• _EXERCISE OBJECTIVE_: Using the listing below, retype exactly the lines starting at the one with "Paciencia Luxury Glam" and ending at the one with "James Martin Bristol", and include both.

• _INFORMATION GIVEN_:
--*--
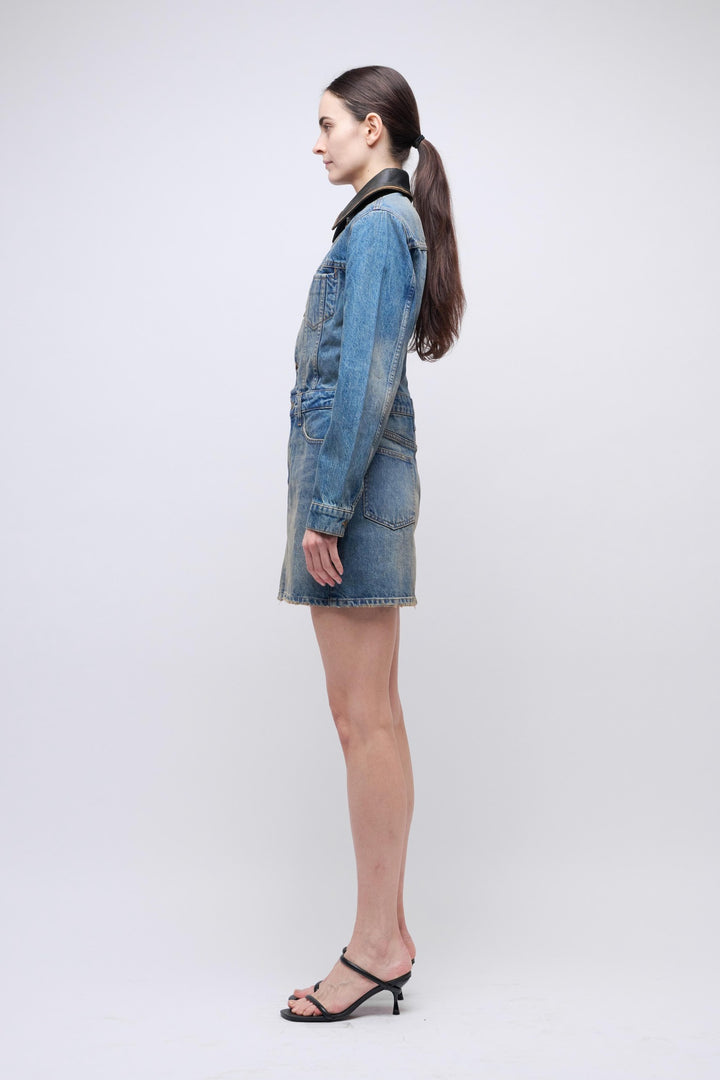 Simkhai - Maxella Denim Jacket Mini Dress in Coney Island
--*--
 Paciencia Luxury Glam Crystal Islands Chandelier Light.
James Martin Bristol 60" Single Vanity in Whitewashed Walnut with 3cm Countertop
--*--
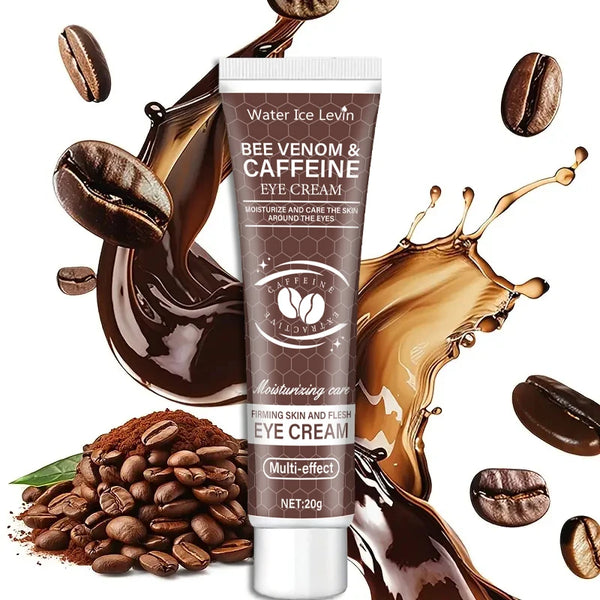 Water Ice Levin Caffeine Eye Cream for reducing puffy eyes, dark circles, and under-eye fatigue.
--*--
• _SOLVED EXERCISE_:
 Paciencia Luxury Glam Crystal Islands Chandelier Light.
James Martin Bristol 60" Single Vanity in Whitewashed Walnut with 3cm Countertop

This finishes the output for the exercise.